ABOARD RENAISSANCE- Rain dampened the deck, streets and roads but not our memories as we hugged the crew and piled into our trusty van with deck man, driver, guide and captain-in-training Arnald Poussin for the three hour-drive to Paris.
More hugs as he dropped us of at European Waterways’ Paris meeting center, Hotel Westminster. Just enough time for lunch, to tour the Eastern Antiquities collection at the Louvre (a weak but heart-felt gesture of scorn for the Isis-idiots destroying their cultural heritage) and a fun dinner at Le Grand Café Capucines before returning to reality.
Notes on Renaissance:
The refitted Renaissance is the longest and widest barge on the canal, giving her eight passengers the most spacious surroundings available. Our stern cabin, Moliere, featured a large bath and more room than any other cruise cabin I have ever inhabited.
The Briare canal is France’s oldest, opening in1642, and travels through both natural and finely sculpted landscapes, quaint villages and nearby attractions. For long stretches the only sound to be heard on the foredeck is that of birdsong and the soft hum of the engine.
Although the distance between Montargis and Chatillon-Sur-Loire can be driven in mere hours, Renaissance’s leisurely pace allows a getaway that is both relaxing and culturally deep.
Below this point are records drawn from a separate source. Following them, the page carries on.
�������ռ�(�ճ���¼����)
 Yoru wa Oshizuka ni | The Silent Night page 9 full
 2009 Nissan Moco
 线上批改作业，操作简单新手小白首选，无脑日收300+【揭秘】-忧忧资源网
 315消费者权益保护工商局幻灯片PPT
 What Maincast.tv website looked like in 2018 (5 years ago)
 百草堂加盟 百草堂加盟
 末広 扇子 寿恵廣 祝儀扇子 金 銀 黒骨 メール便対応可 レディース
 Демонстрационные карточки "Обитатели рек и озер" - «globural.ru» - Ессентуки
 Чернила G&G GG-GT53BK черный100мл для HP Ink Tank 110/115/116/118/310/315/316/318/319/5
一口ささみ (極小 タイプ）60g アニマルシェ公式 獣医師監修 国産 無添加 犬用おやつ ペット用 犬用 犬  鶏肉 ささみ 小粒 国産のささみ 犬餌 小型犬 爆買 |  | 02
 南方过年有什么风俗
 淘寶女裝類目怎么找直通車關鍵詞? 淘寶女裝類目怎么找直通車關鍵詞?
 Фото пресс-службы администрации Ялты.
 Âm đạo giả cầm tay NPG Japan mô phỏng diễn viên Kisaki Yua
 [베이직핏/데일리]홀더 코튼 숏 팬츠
Nothing other than breakfast, which starts at 8 a.m., begins before 9 a.m.
The culinary experience is extraordinary. Chef Luke offers a daily special in addition to the standing buffet of charcuterie, cheeses, fresh and dried fruits, cereals and warm from the bakery breads and rolls.
Lunches may be buffet style or prepared and always include a salad or main course, cheese, dessert and both red and white wines. Dinner consists of starter, main course with vegetables, mild and “aromatic” cheeses plus dessert, again with a white wine starter followed by a red, both exceptional.
Each day diners are met with fresh floral centerpieces, fine faience porcelain and bright touches from creatively folded napkins to a tablecloth sprigged with wild daisies and buttercups.
The lounge is comfortable and inviting, enhanced by flowers as well as a platter of macaroons.
Passengers can be as active, riding along on bicycles or walking the towpaths, or as indolent as they choose. Outings alternate with cruising so one can be both relaxed and active. Game, cards, reading and listening material are on hand for inclement days if conversations with fellow passengers aren’t enough to pass the time.
Between the glistening barge, the scenic surroundings and the ever-helpful crew, one would have to work very hard not to be delighted.